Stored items
- - -

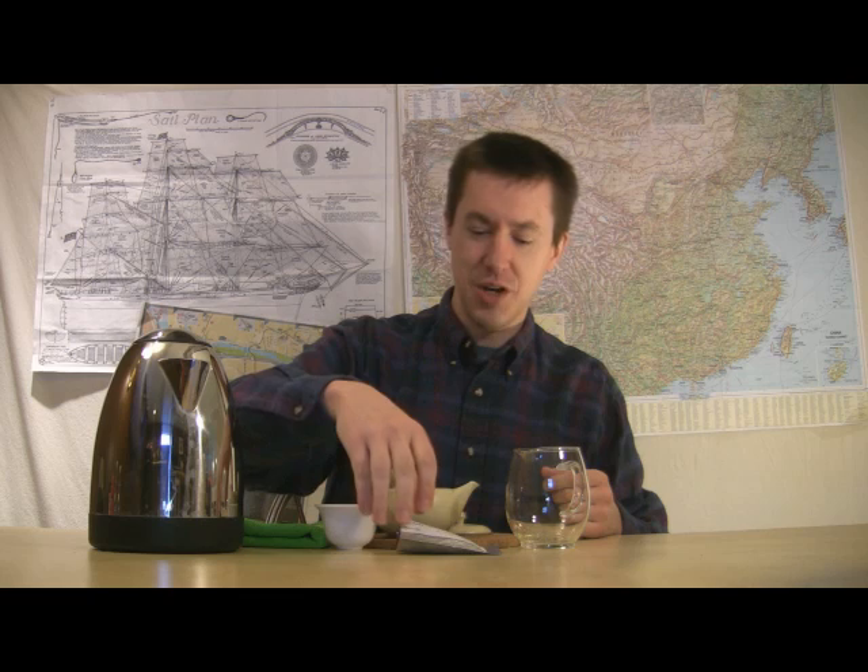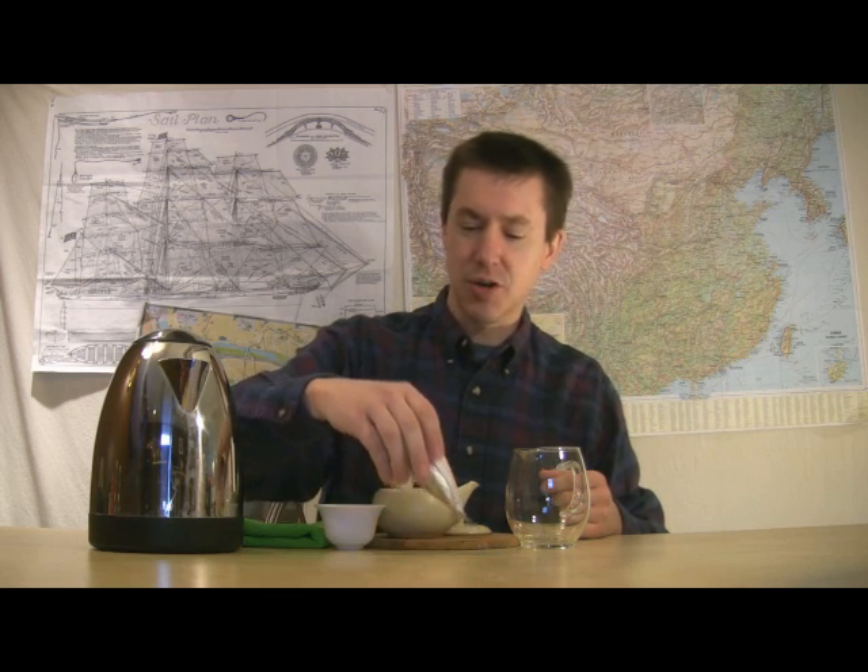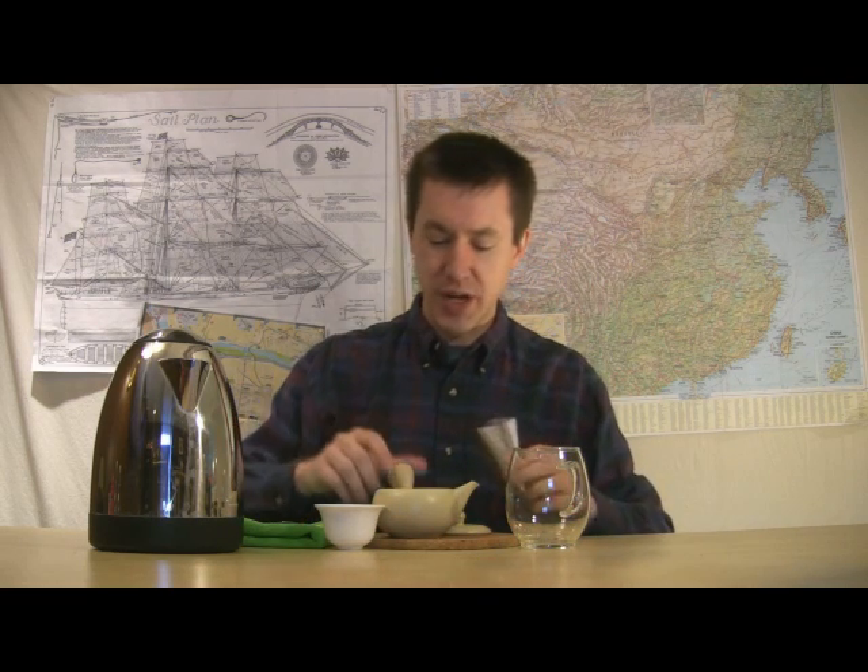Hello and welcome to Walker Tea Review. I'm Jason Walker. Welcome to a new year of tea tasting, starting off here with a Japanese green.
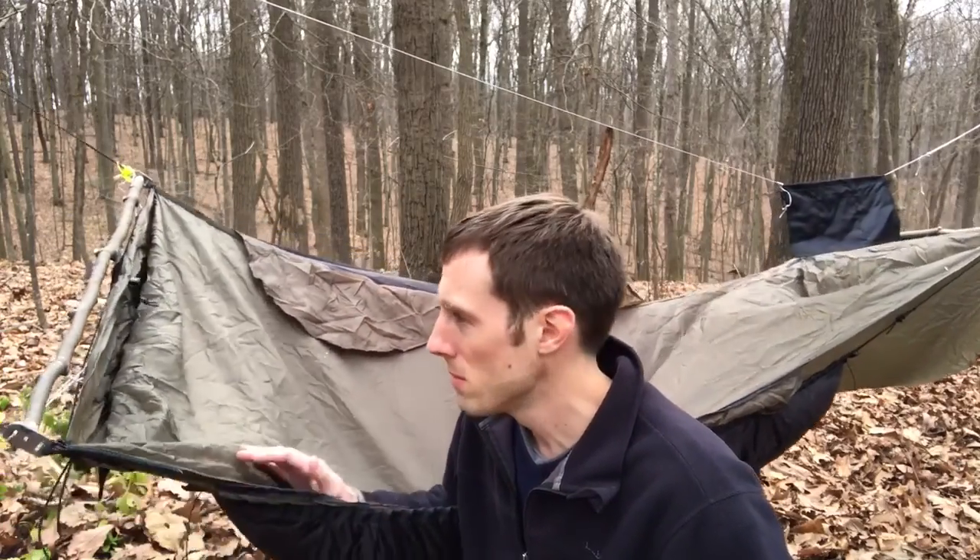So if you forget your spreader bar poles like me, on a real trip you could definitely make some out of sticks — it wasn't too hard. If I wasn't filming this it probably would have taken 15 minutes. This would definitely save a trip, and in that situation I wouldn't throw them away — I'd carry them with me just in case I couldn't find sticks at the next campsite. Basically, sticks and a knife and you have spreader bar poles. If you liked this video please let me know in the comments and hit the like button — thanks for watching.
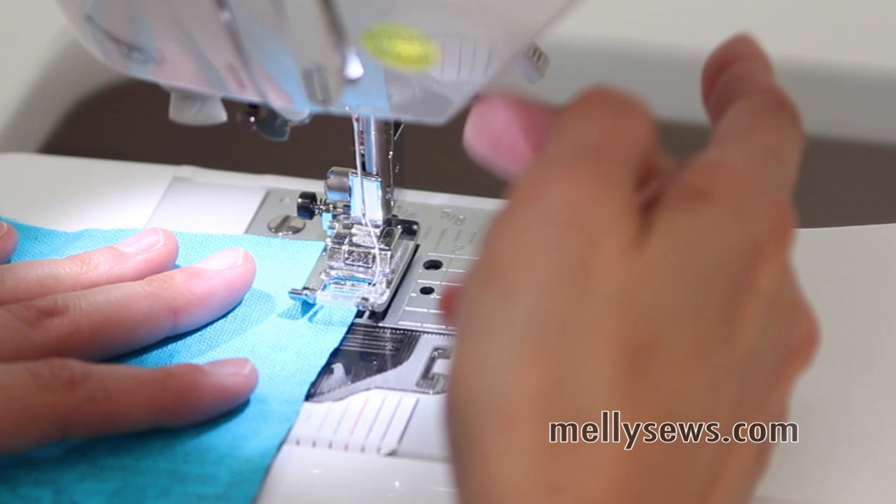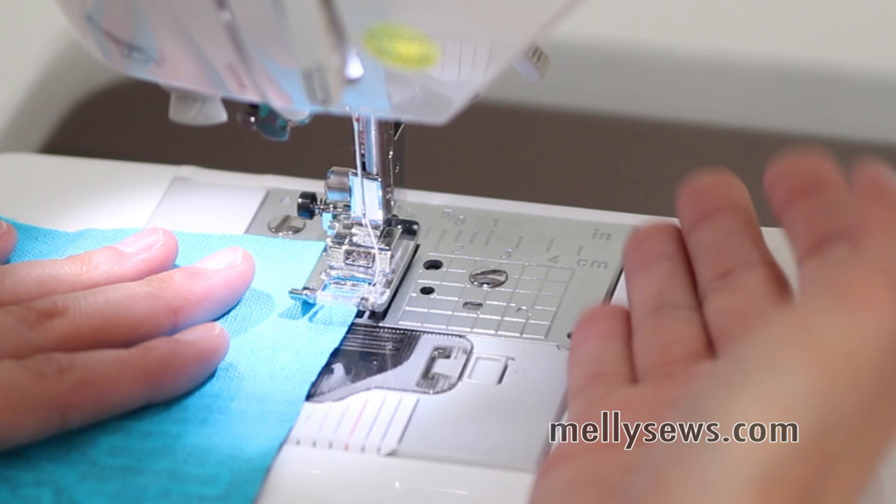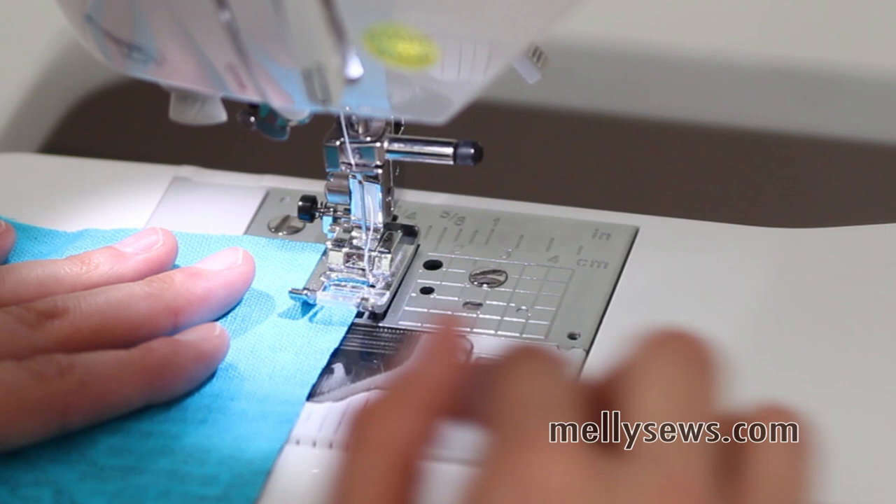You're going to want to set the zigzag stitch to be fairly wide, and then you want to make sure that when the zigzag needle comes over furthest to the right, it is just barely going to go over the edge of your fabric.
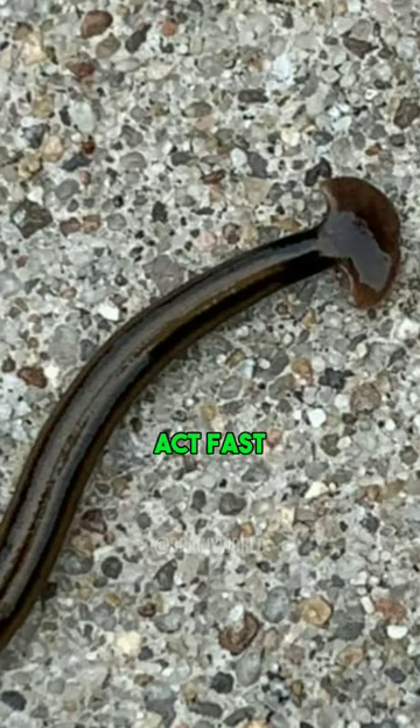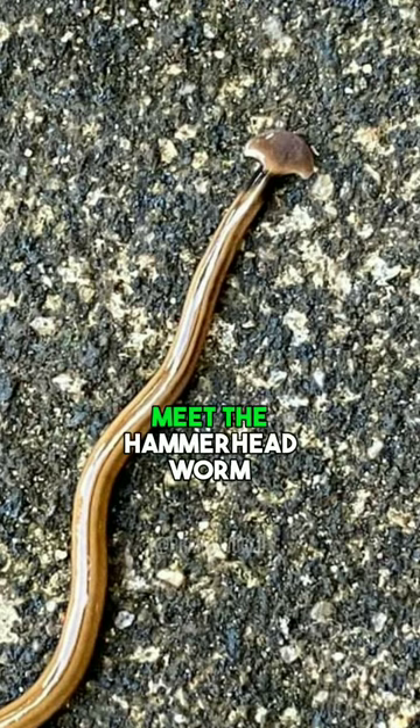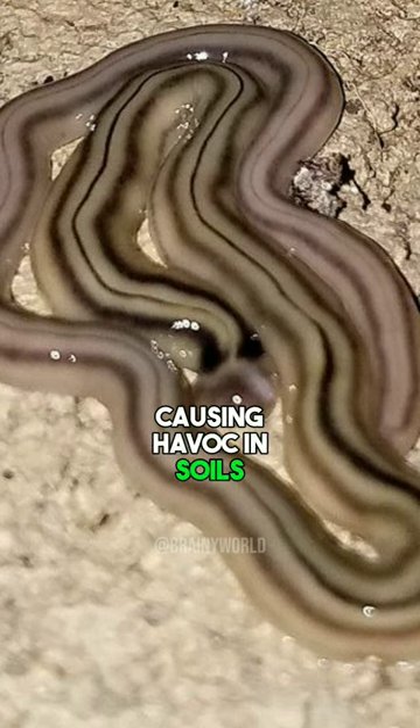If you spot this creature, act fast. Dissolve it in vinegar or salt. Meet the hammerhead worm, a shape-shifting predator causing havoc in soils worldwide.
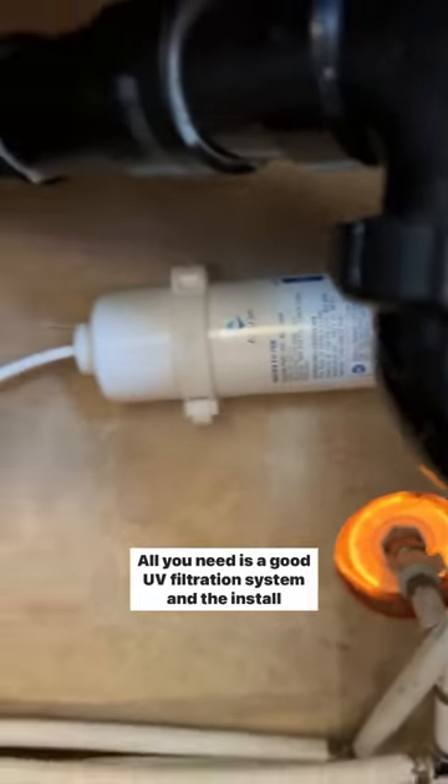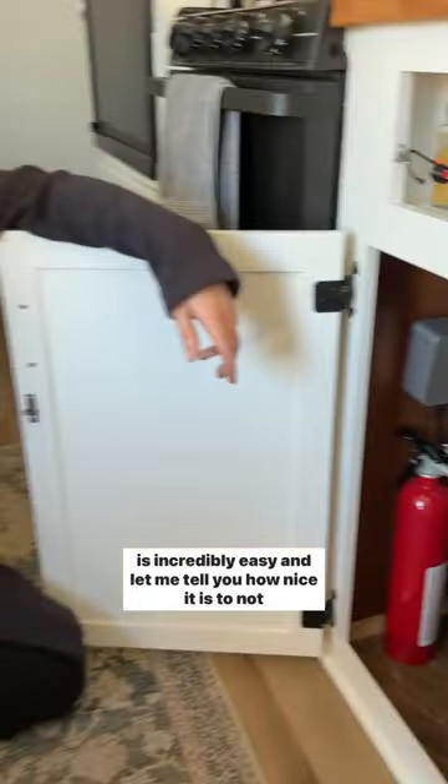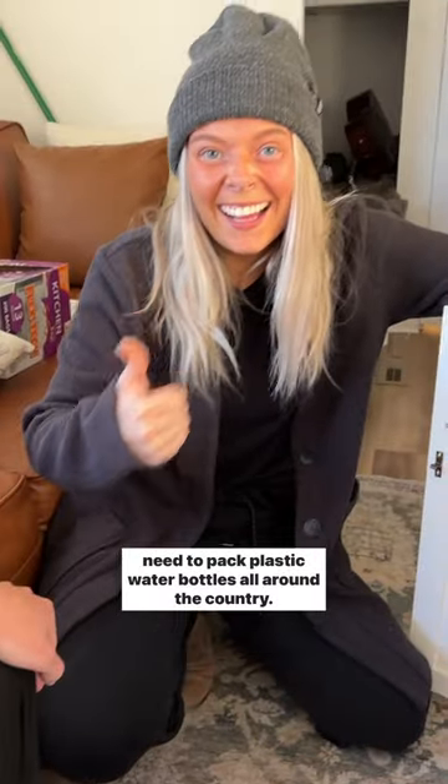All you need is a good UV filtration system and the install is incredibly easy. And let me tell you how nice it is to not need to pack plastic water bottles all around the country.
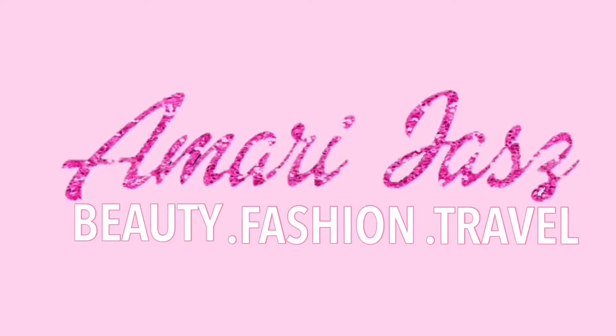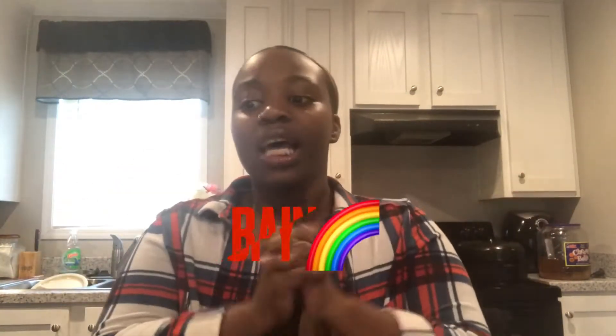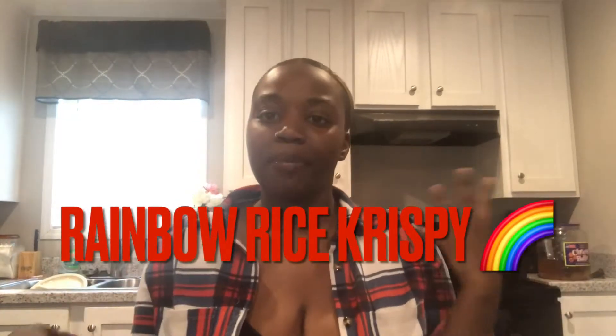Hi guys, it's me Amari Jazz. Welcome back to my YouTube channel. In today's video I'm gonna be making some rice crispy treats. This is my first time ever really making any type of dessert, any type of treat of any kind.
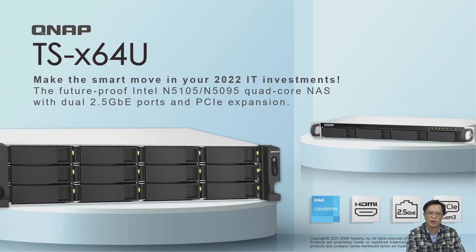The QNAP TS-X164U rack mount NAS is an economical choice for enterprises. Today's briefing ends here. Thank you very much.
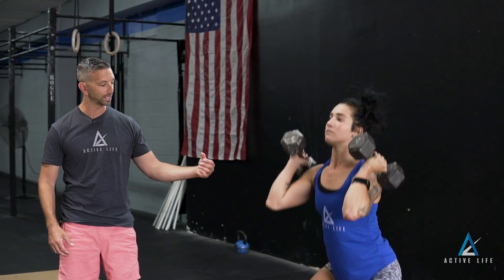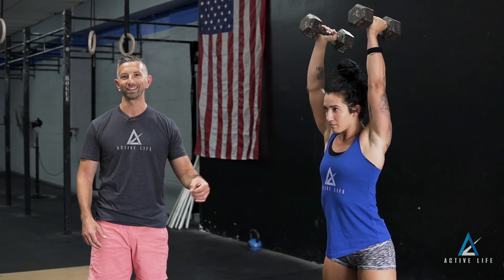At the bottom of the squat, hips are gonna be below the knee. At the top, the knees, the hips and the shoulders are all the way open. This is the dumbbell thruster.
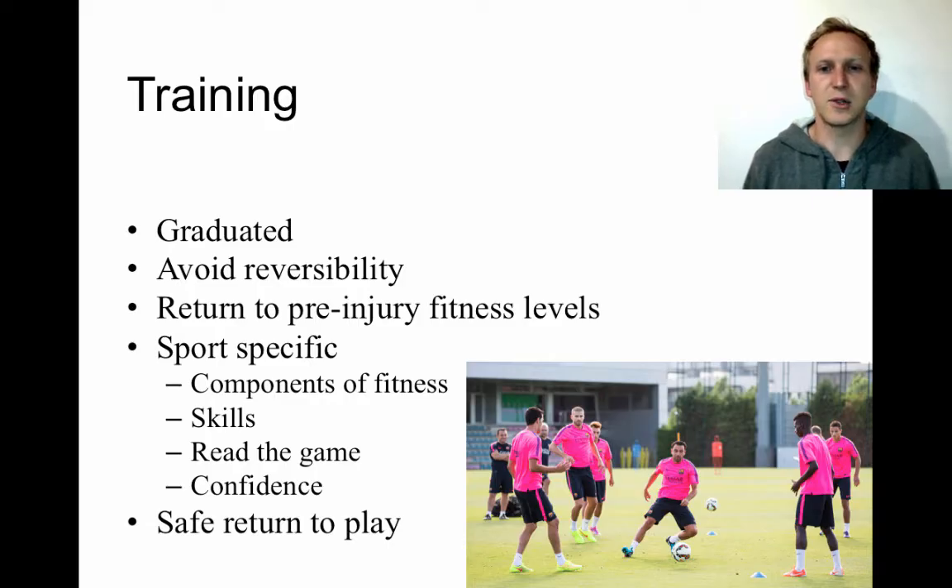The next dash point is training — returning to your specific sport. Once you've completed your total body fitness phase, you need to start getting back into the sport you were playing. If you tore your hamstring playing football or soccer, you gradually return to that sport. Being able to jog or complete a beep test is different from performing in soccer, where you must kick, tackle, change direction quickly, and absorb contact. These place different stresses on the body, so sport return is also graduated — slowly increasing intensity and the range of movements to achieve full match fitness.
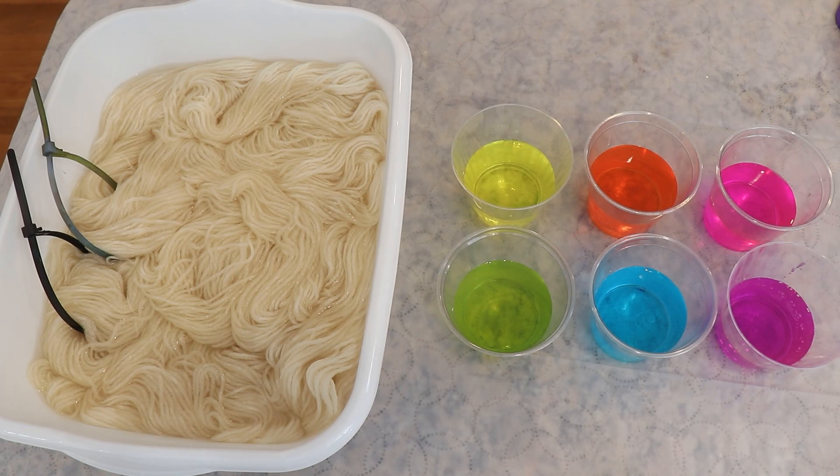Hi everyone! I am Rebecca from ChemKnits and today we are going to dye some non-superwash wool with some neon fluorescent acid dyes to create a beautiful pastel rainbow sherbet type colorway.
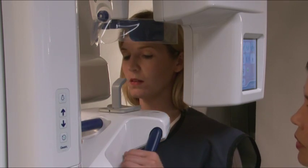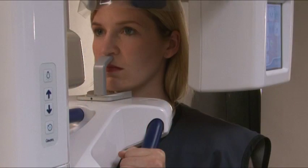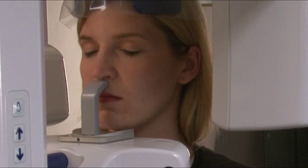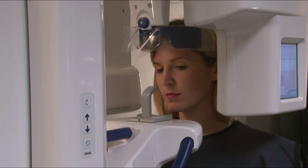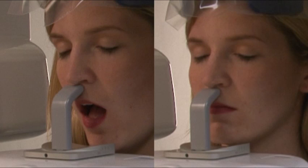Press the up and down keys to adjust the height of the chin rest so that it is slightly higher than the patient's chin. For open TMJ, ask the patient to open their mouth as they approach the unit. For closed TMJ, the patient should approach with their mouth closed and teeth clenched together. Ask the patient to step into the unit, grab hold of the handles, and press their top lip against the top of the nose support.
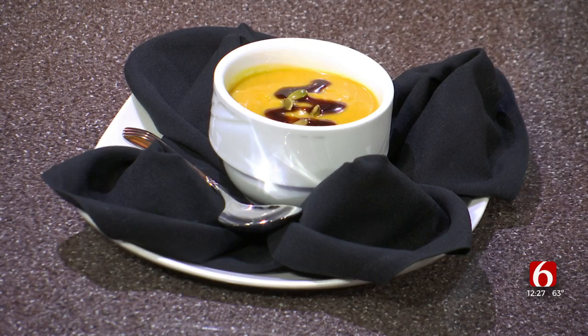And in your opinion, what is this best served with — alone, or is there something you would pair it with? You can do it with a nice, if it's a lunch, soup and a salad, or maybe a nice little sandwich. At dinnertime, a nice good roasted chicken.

- - -

### Work request
Output the data verbatim, images excluded.

### Expected output
Hello and welcome to Walker Tea Review. I'm Jason Walker. Welcome to a new year of tea tasting, starting off here with a Japanese green.
So if you forget your spreader bar poles like me, on a real trip you could definitely make some out of sticks — it wasn't too hard. If I wasn't filming this it probably would have taken 15 minutes. This would definitely save a trip, and in that situation I wouldn't throw them away — I'd carry them with me just in case I couldn't find sticks at the next campsite. Basically, sticks and a knife and you have spreader bar poles. If you liked this video please let me know in the comments and hit the like button — thanks for watching.
You're going to want to set the zigzag stitch to be fairly wide, and then you want to make sure that when the zigzag needle comes over furthest to the right, it is just barely going to go over the edge of your fabric.
If you spot this creature, act fast. Dissolve it in vinegar or salt. Meet the hammerhead worm, a shape-shifting predator causing havoc in soils worldwide.
All you need is a good UV filtration system and the install is incredibly easy. And let me tell you how nice it is to not need to pack plastic water bottles all around the country.
Hi guys, it's me Amari Jazz. Welcome back to my YouTube channel. In today's video I'm gonna be making some rice crispy treats. This is my first time ever really making any type of dessert, any type of treat of any kind.
The QNAP TS-X164U rack mount NAS is an economical choice for enterprises. Today's briefing ends here. Thank you very much.
At the bottom of the squat, hips are gonna be below the knee. At the top, the knees, the hips and the shoulders are all the way open. This is the dumbbell thruster.
The next dash point is training — returning to your specific sport. Once you've completed your total body fitness phase, you need to start getting back into the sport you were playing. If you tore your hamstring playing football or soccer, you gradually return to that sport. Being able to jog or complete a beep test is different from performing in soccer, where you must kick, tackle, change direction quickly, and absorb contact. These place different stresses on the body, so sport return is also graduated — slowly increasing intensity and the range of movements to achieve full match fitness.
Hi everyone! I am Rebecca from ChemKnits and today we are going to dye some non-superwash wool with some neon fluorescent acid dyes to create a beautiful pastel rainbow sherbet type colorway.
Press the up and down keys to adjust the height of the chin rest so that it is slightly higher than the patient's chin. For open TMJ, ask the patient to open their mouth as they approach the unit. For closed TMJ, the patient should approach with their mouth closed and teeth clenched together. Ask the patient to step into the unit, grab hold of the handles, and press their top lip against the top of the nose support.
And in your opinion, what is this best served with — alone, or is there something you would pair it with? You can do it with a nice, if it's a lunch, soup and a salad, or maybe a nice little sandwich. At dinnertime, a nice good roasted chicken.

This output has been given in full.